El chico avanzó hacia él. Varys se dio cuenta de que algo metálico le brillaba entre los pliegues de la túnica. Tenía la daga a mano, pero poco podría hacer contra ese muchacho, que era casi el doble de grande que él. Sus ropas parecían caras, se las habría comprado para lucirse como un pavo real, los pobres siempre ansiaban parecer menos desgraciados de lo que eran, aunque eso supusiese llamar la atención más de lo que les conviniese. Sus pasos no eran tan ágiles, su voz demasiado sonora. No pasaba inadvertido, quizá hacía varios días que no se metía algo en la boca.

—Tu odio es injustificado, amigo mío —le dijo.— La gente de nuestra condición debería hacer justos pactos, tal y como hice yo con la posadera. Es mejor dormir sobre un colchón con tus secretos resguardados que sobre la fría piedra de la calle. Las minorías no tienen sitio cuando la mayoría tiene donde apoyarse.

—Me temo que no lo entiendes, amigo —respondió con la voz teñida de desprecio.— Te quiero fuera de esta ciudad y no mañana ni pasado, sino ahora. Tu posadera demostró que tenía la lengua muy suelta en cuanto dimos con ella a solas.

—¿Tenía? —se oyó preguntar.

—Dungen, Roger.

Otros dos ladrones aparecieron en el callejón. El sol se había puesto y nadie caminaba a esas horas por las calles. Los ballesteros no malgastarían su tiempo separando a cuatro ladrones, sino que los asetearían sin piedad. Los nombrados Dungen y Roger sacaron sus aceros, robados sin lugar a duda, y se aproximaron a él.

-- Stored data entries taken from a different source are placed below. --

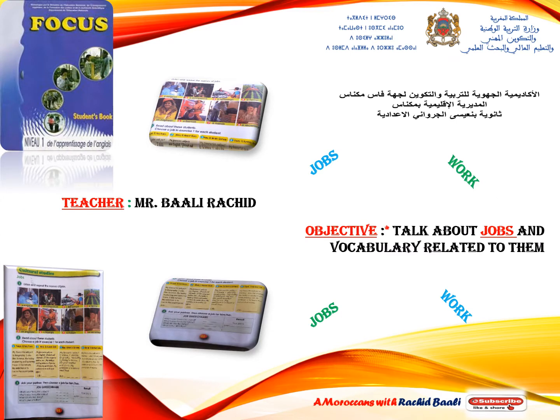Salaam, everyone! Welcome to this lesson about jobs and work. Today's objective is to talk about jobs and vocabulary related to them. Let's get started!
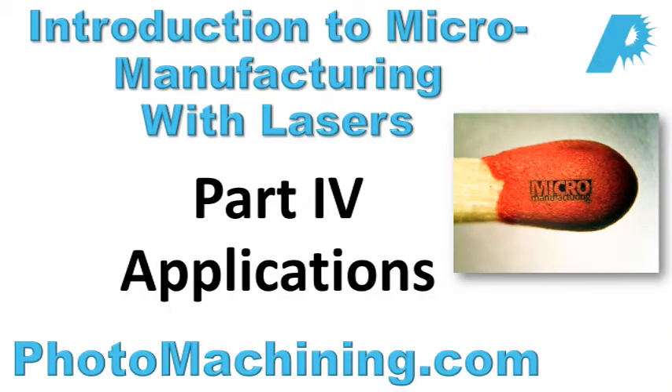Thank you for viewing our educational videos on micromanufacturing with lasers. In Part 4, Dr. Ronald Schaefer, CEO of Photomachining, will further discuss applications such as laser marking, surface texturing, and microelectronic applications.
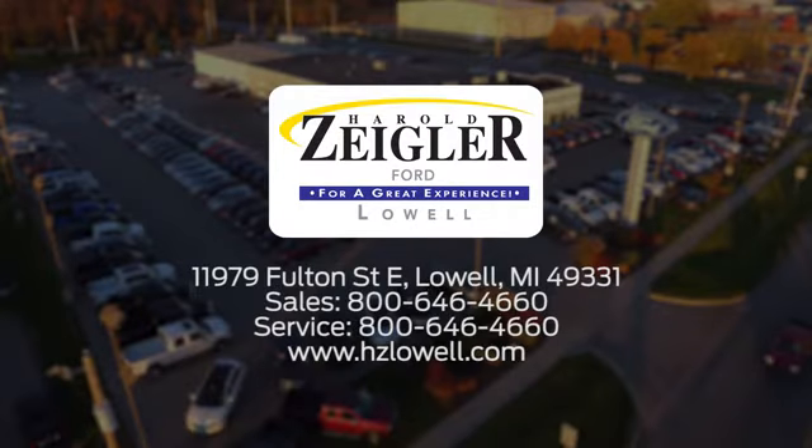Harold Ziegler — for a great experience, we're conveniently located at 11979 Fulton Street East in Lowell, Michigan.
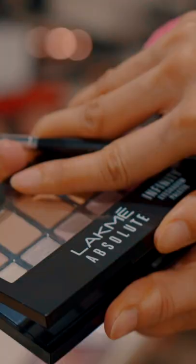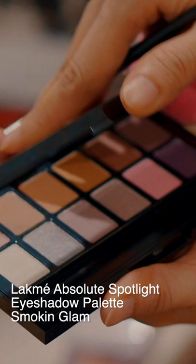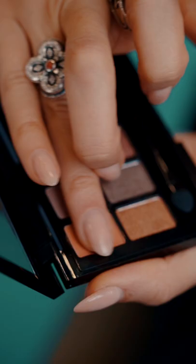You can use matte eyeshadow in an orangey color and that will be your corrector. I'm using the Lakme Absolute Spotlight palette in Smoking Glam and the specific color name is Sultry Matte. This is the color. I'm just going to use this as my corrector, dabbing with the finger on it and applying it as a corrector.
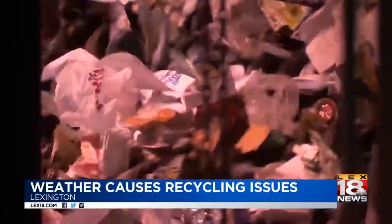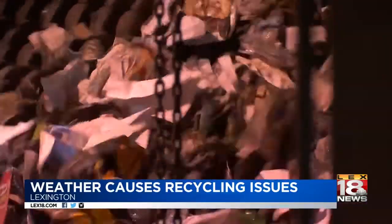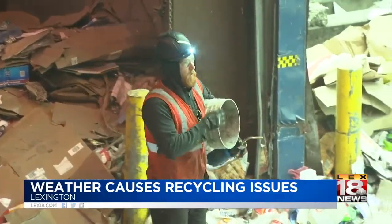Belt by belt, all of Lexington's recycling is processed by less than 60 employees. Despite this organization, inside the building sometimes the weather calls the shots.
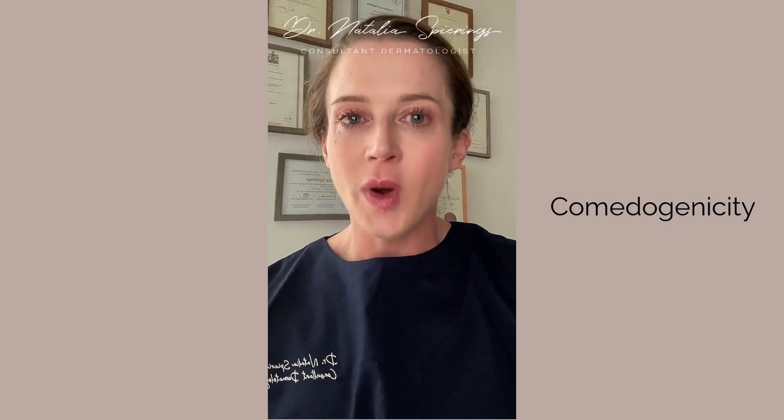Hello and welcome to this month's masterclass all about the concept of comedogenicity — or how products can or cannot create comedones in the skin.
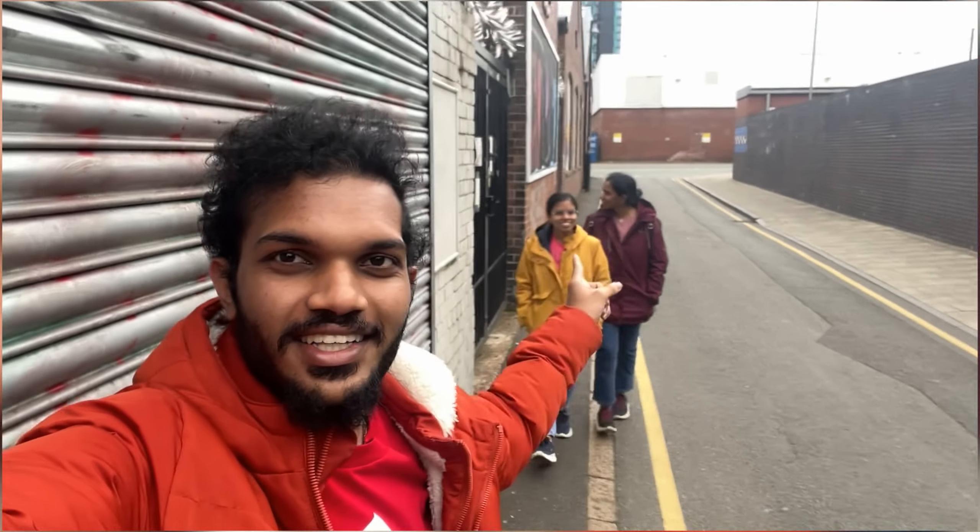Hey guys, welcome to our TASCOs. My name is Vidya Anjan.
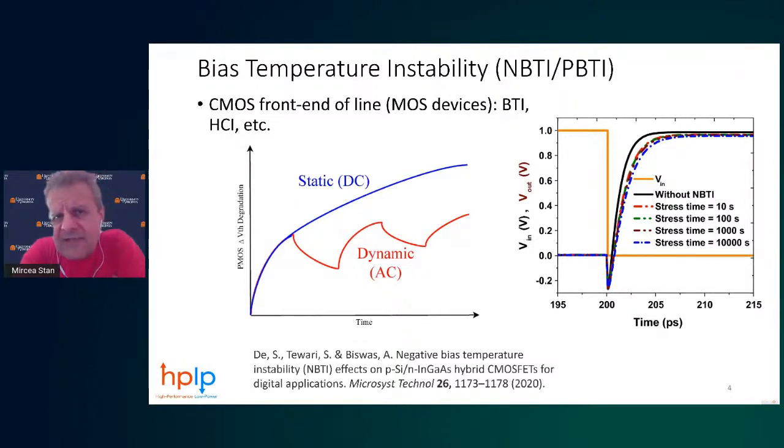Looking at actual Vth values, you see the effect at the circuit level. Basically, the delay of a gate degrades because Vth increases in absolute value, which means the device slows down. That's a very high-level introduction to BTI.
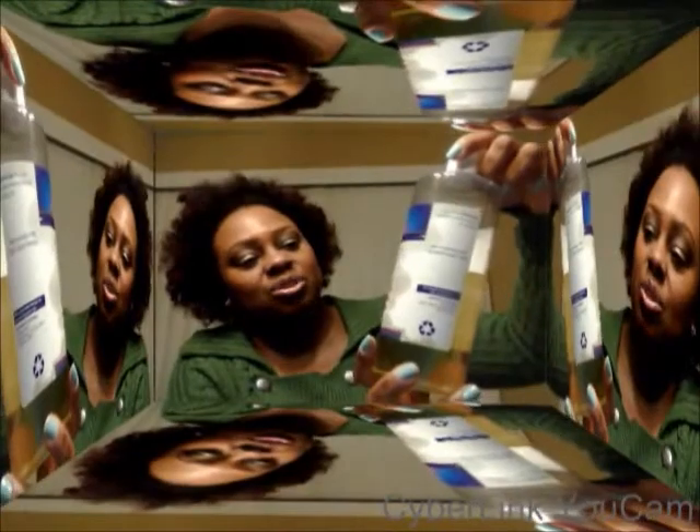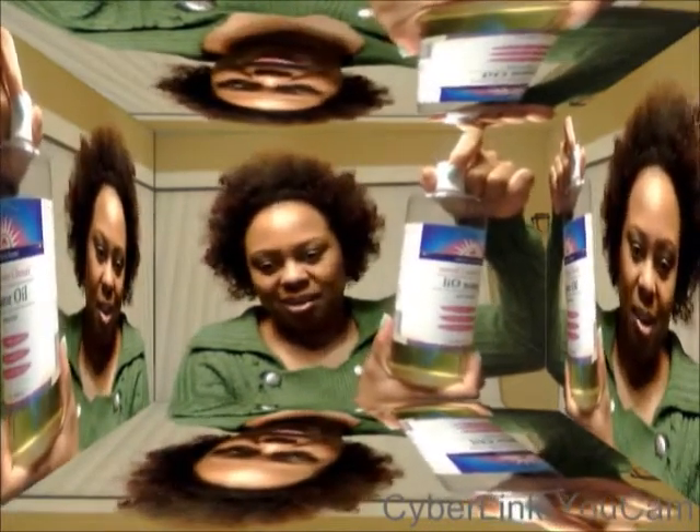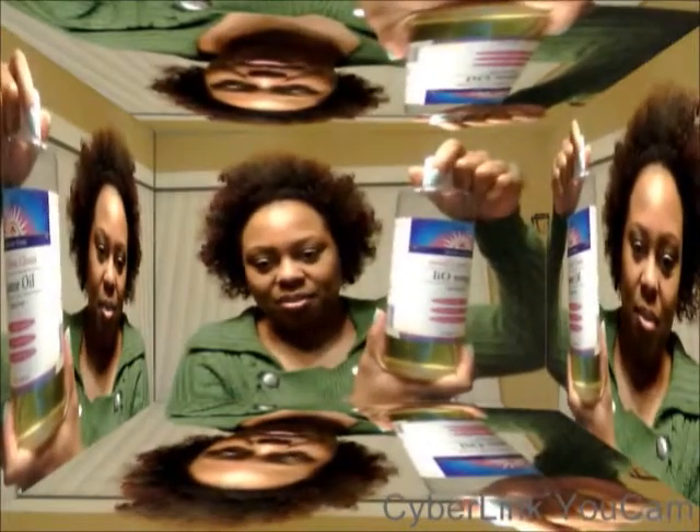It has a little stain on the side — I can tell I've been using this. Anyway, this is the Heritage Store Palma Christi castor oil; it is cold pressed and cold processed castor oil. All I'm doing is applying this to my scalp and my hair every other night or every two to three nights, because it's very oily. I'm continuing to do that and will come back with an update.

—Primero vas a darnos lo que llevas en la mano —aseguró el chico de la cicatriz—, y después vas a dejar que te recordemos por qué debes irte.

No fue tan doloroso como perder su miembro viril, pero esa noche Varys volvió a gemir silenciosamente de dolor mientras las puntas de las dagas le grababan la advertencia en la piel.